TASK REQUIREMENTS ->
A word-for-word reproduction of the data below is needed, with no pictures in it.

RECORDED DATA ->
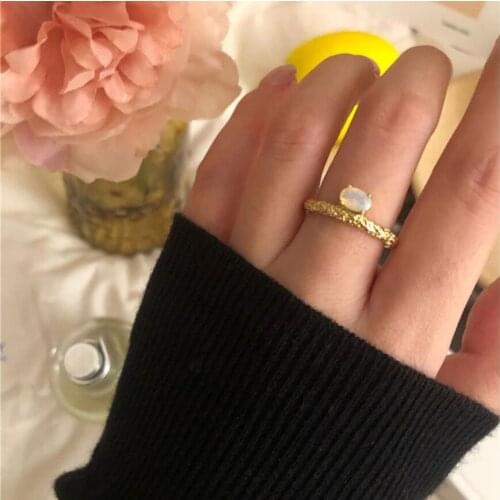 New Fashion Light Luxury French Retro Tin Foil Beating Texture Opal Index Finger Opening Rings For Women Birthday Jewelry R356
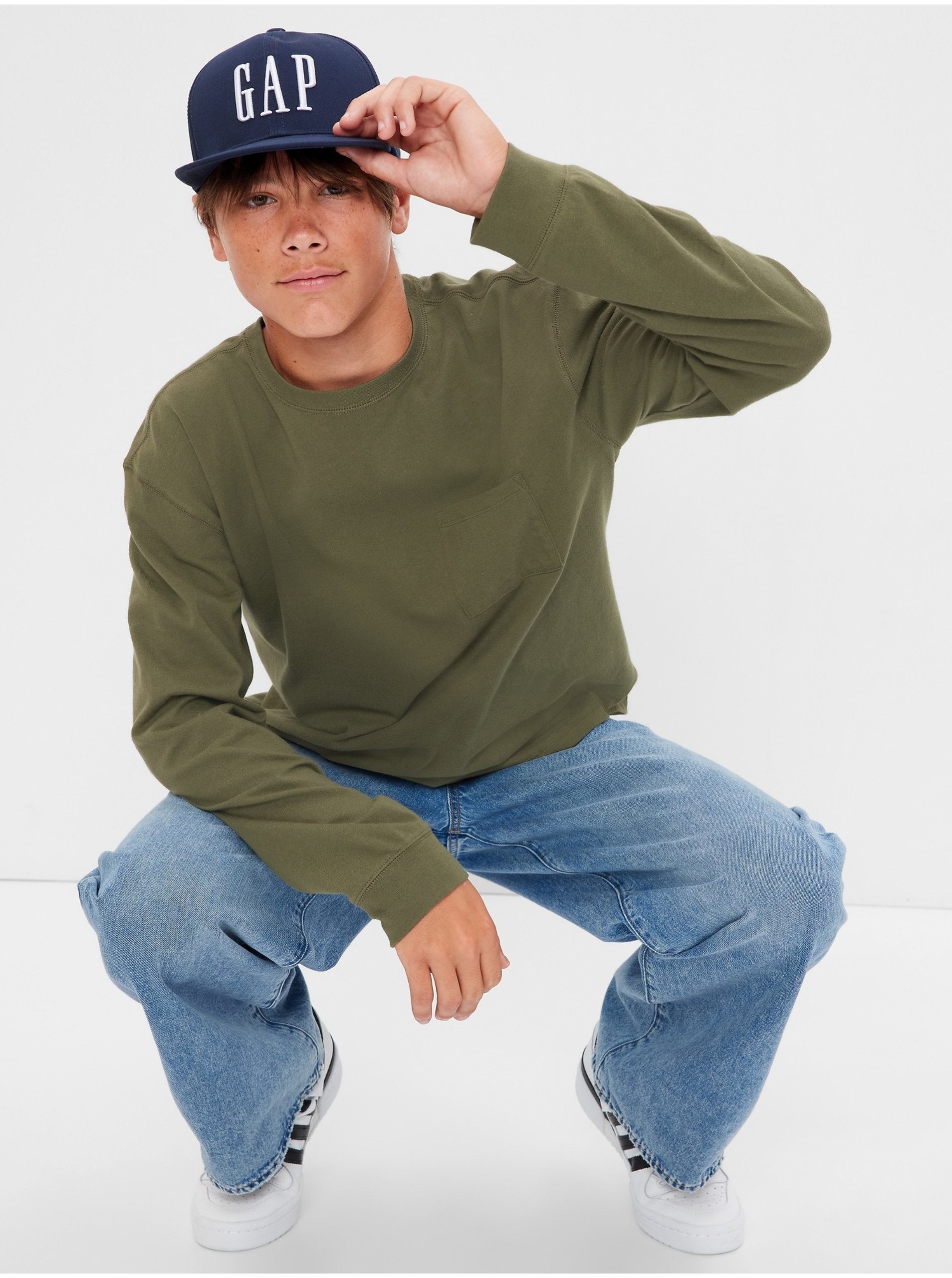 E-shop Zelené klučičí tričko s kapsou GAP Teen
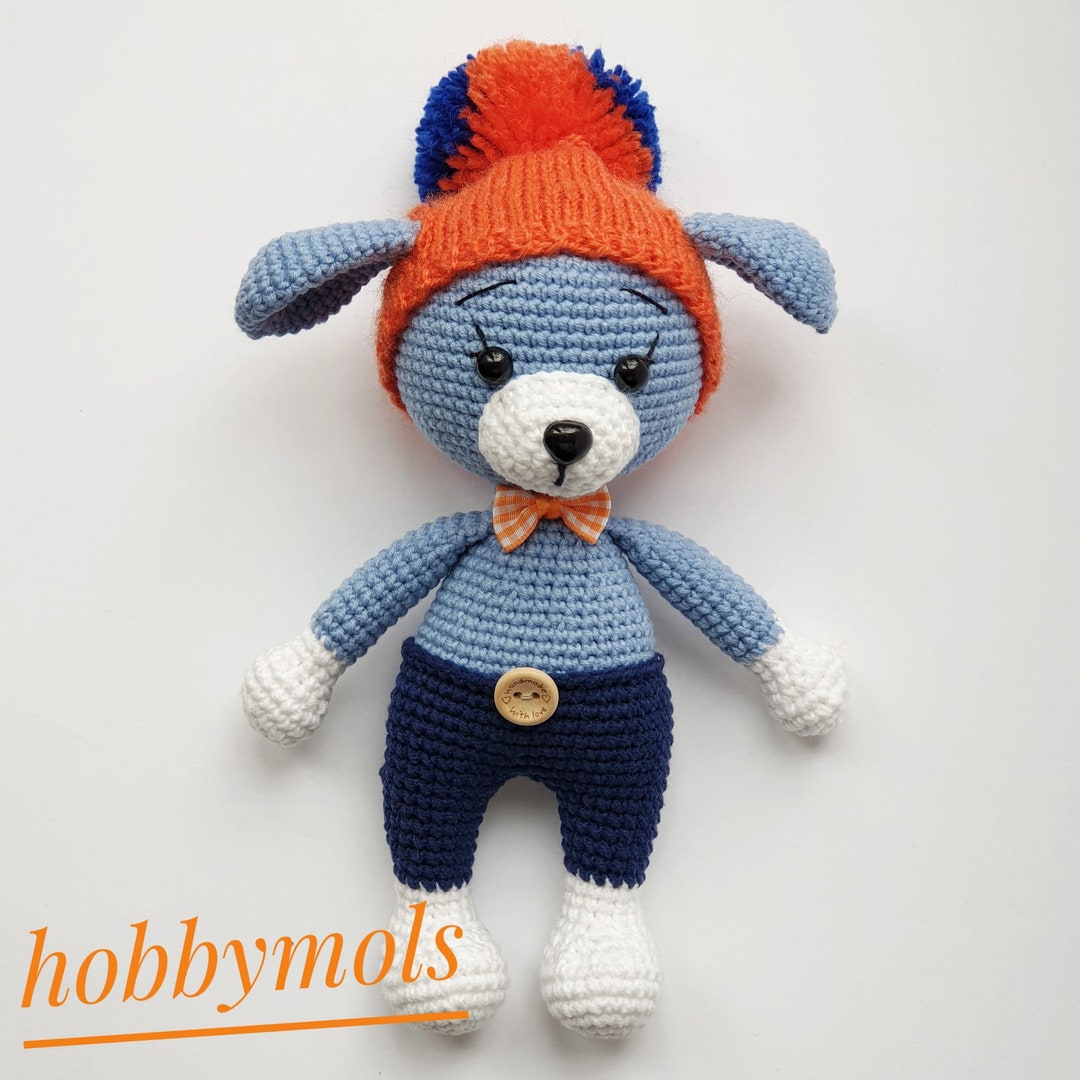 Little Puppy in Pants and a Hat. Amigurumi Dog. Crochet Puppy. Cute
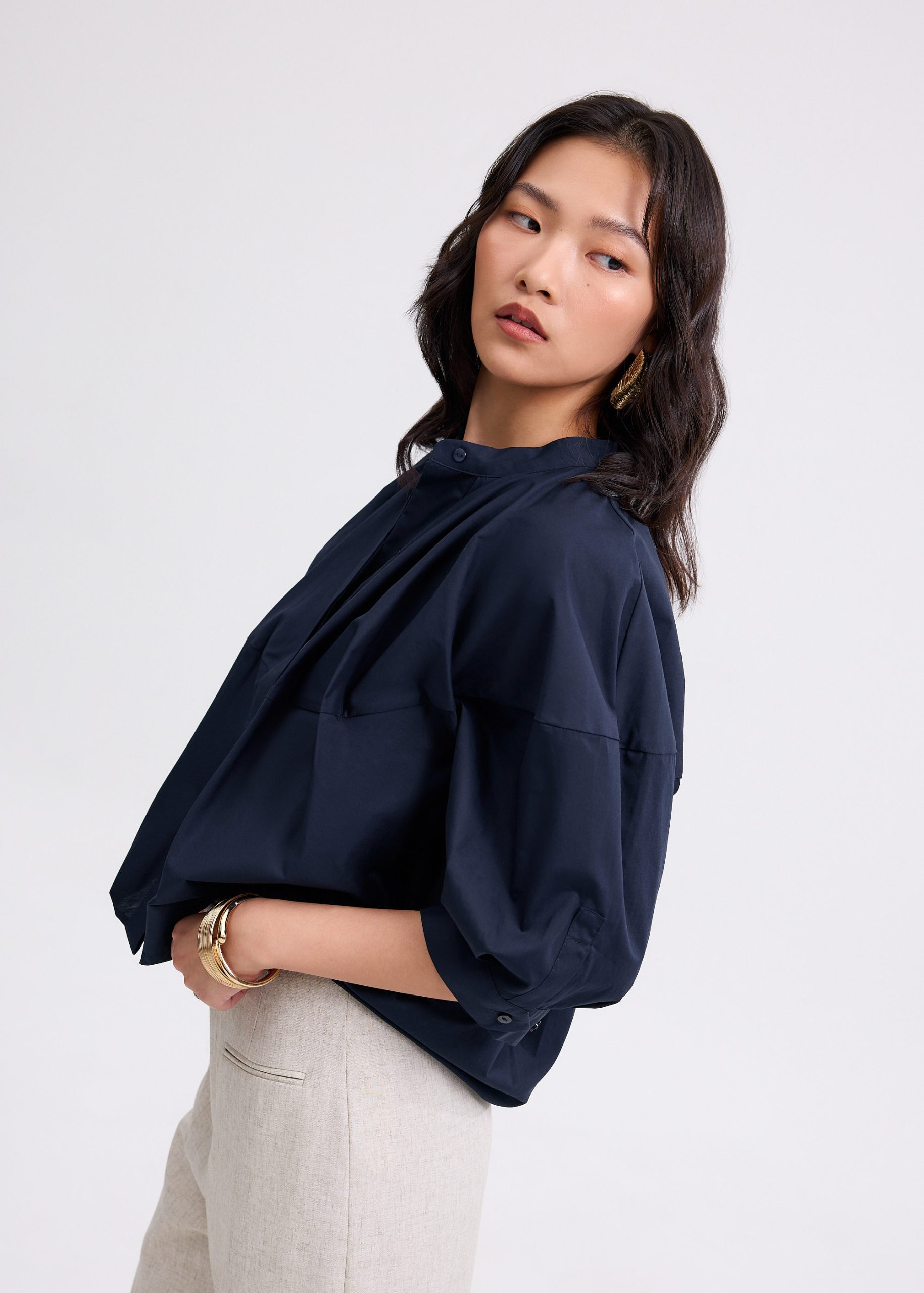 Meiying Relaxed Poplin Mandarin Collar Shirt - Image 3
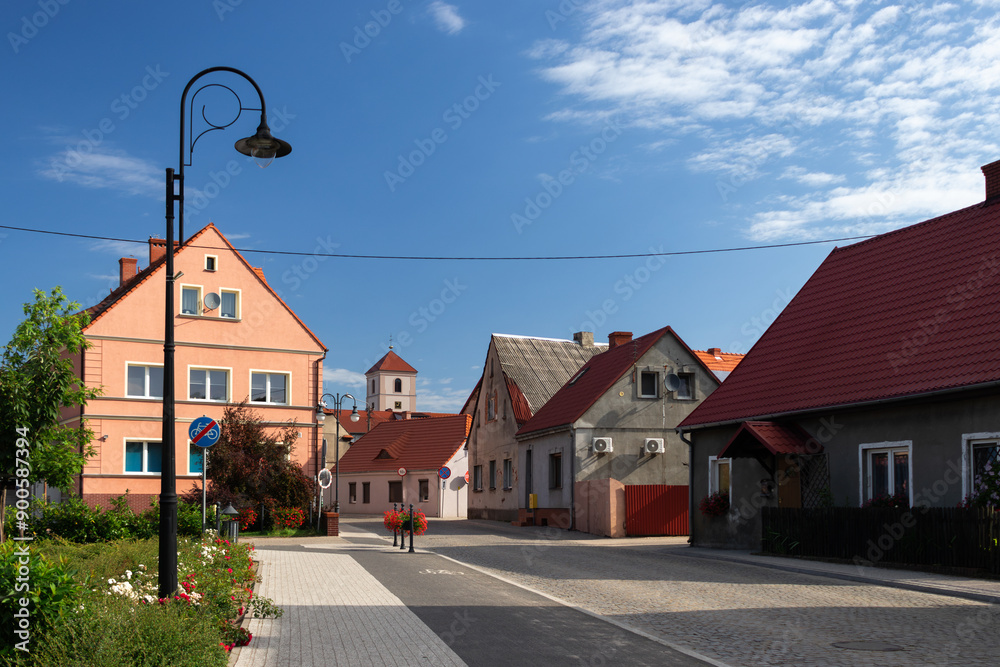 Market Square in Otyń (Poland, Nowa Sól County, Lubusz Voivodeship). Summer cityscape.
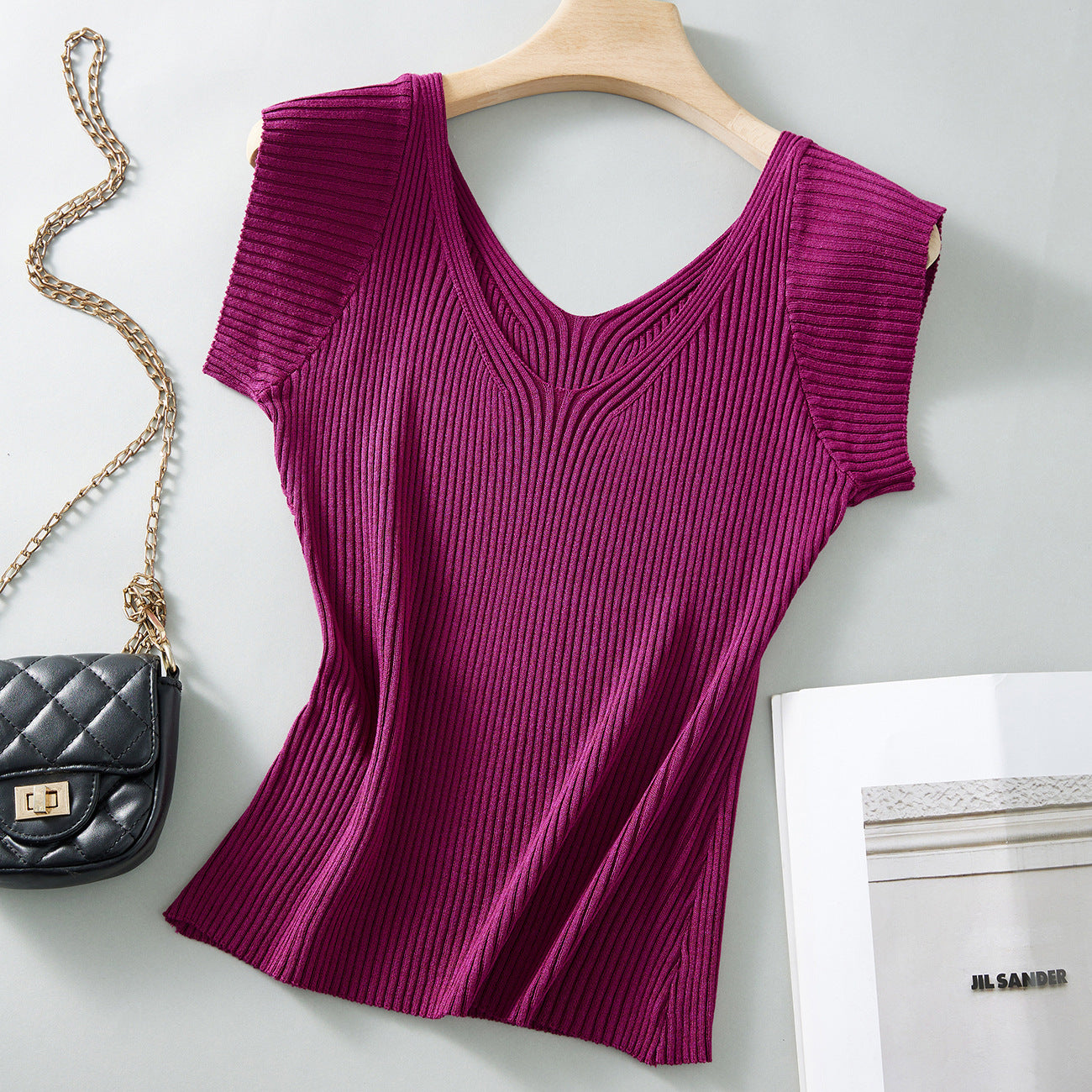 #Two wear V-neck #show chest big waist thin small spice girl flying sleeve ice silk short sleeve women's summer pit strip knitted T-shirt pure desire top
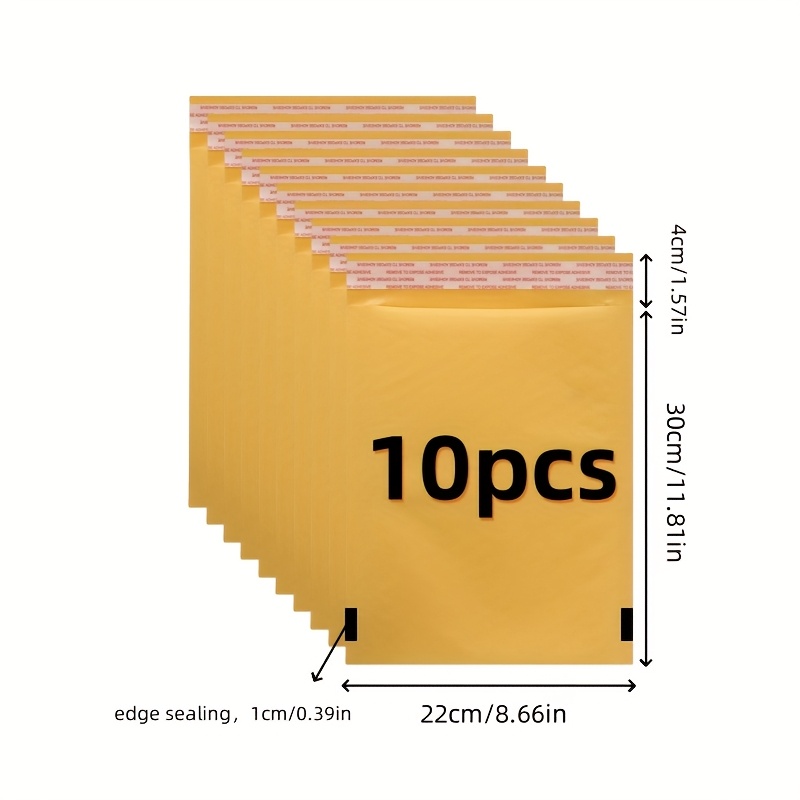 TEMU 10pcs, Paper Envelope Bubble Bag, Mail Delivery Bag, Waterproof, Self-sealing Bulk Filling Transportation Supplies Packaging Envelopes,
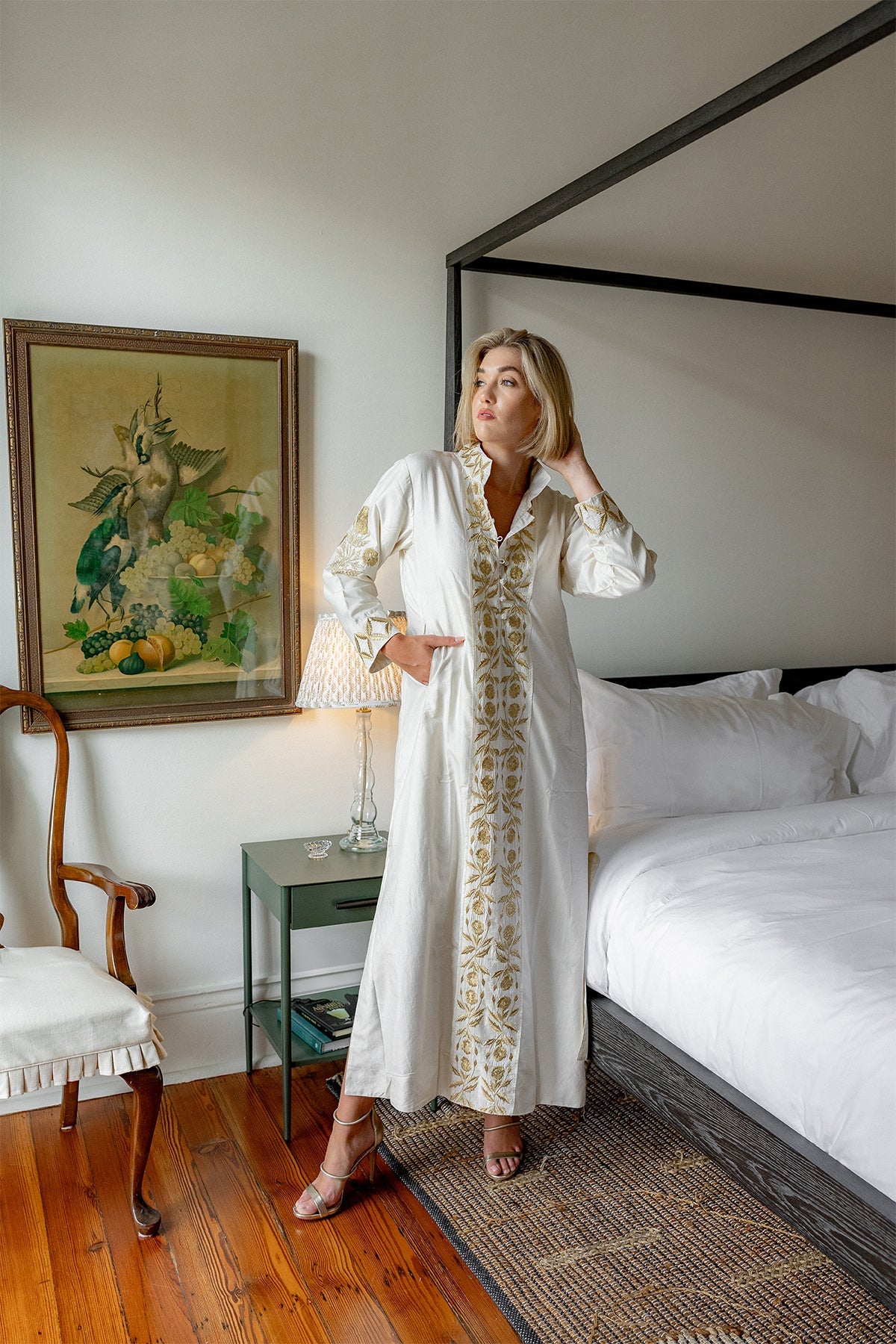 Marrakech Kaftan | Ivory/Gold SUE SARTOR Marigold Embroidery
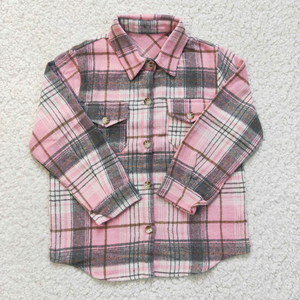 Nouvelle chemise en flanelle à carreaux pour enfants, chemise rose pour garçon et fille - Product Image 4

RESPONSE TO THIS EXERCISE ->
 New Fashion Light Luxury French Retro Tin Foil Beating Texture Opal Index Finger Opening Rings For Women Birthday Jewelry R356
 E-shop Zelené klučičí tričko s kapsou GAP Teen
 Little Puppy in Pants and a Hat. Amigurumi Dog. Crochet Puppy. Cute
 Meiying Relaxed Poplin Mandarin Collar Shirt - Image 3
 Market Square in Otyń (Poland, Nowa Sól County, Lubusz Voivodeship). Summer cityscape.
 #Two wear V-neck #show chest big waist thin small spice girl flying sleeve ice silk short sleeve women's summer pit strip knitted T-shirt pure desire top
 TEMU 10pcs, Paper Envelope Bubble Bag, Mail Delivery Bag, Waterproof, Self-sealing Bulk Filling Transportation Supplies Packaging Envelopes,
 Marrakech Kaftan | Ivory/Gold SUE SARTOR Marigold Embroidery
 Nouvelle chemise en flanelle à carreaux pour enfants, chemise rose pour garçon et fille - Product Image 4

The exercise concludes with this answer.